-- Input data --
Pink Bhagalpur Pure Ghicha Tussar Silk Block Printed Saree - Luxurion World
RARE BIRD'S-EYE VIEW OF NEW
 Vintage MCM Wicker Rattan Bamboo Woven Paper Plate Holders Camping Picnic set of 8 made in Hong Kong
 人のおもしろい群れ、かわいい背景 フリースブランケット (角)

-- Task brief --
Transcribe the whole listing word for word.

-- Output for this exercise --
Pink Bhagalpur Pure Ghicha Tussar Silk Block Printed Saree - Luxurion World
RARE BIRD'S-EYE VIEW OF NEW
 Vintage MCM Wicker Rattan Bamboo Woven Paper Plate Holders Camping Picnic set of 8 made in Hong Kong
 人のおもしろい群れ、かわいい背景 フリースブランケット (角)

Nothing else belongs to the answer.